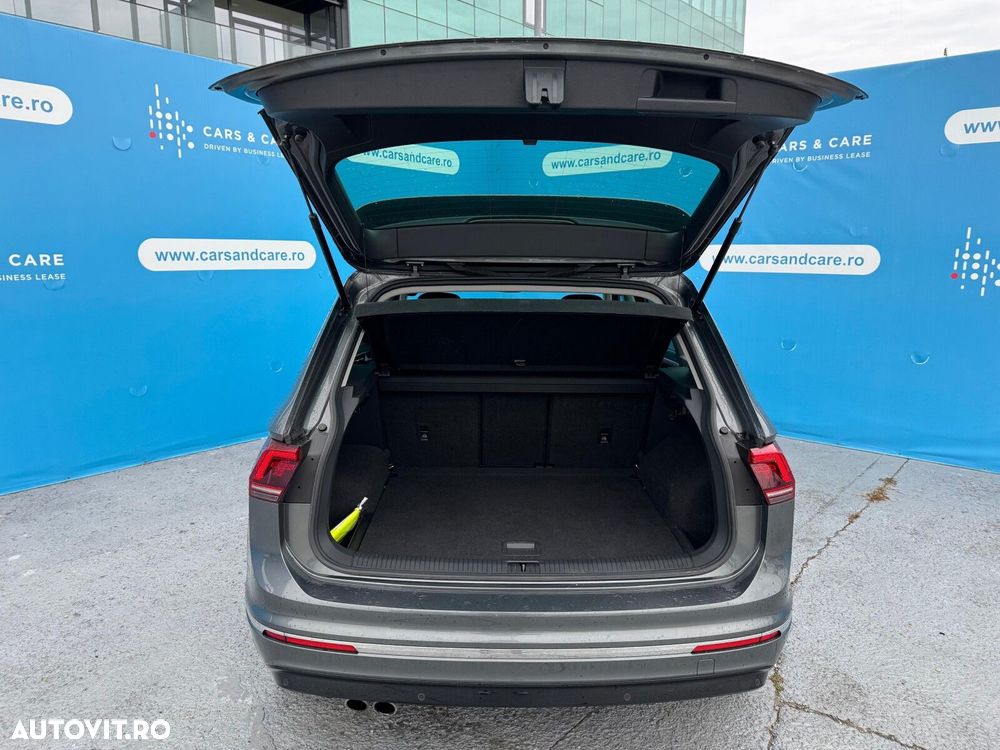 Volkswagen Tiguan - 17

-*-

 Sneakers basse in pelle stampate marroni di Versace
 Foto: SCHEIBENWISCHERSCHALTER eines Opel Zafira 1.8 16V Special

-*-

## EXERCISE DESCRIPTION:
Retype exactly the lines of the data above that fall between the line with "Sneakers basse in" and the line with "Foto: SCHEIBENWISCHERSCHALTER eines", inclusive, and add nothing.

## ANSWER FOR THIS EXERCISE:
 Sneakers basse in pelle stampate marroni di Versace
 Foto: SCHEIBENWISCHERSCHALTER eines Opel Zafira 1.8 16V Special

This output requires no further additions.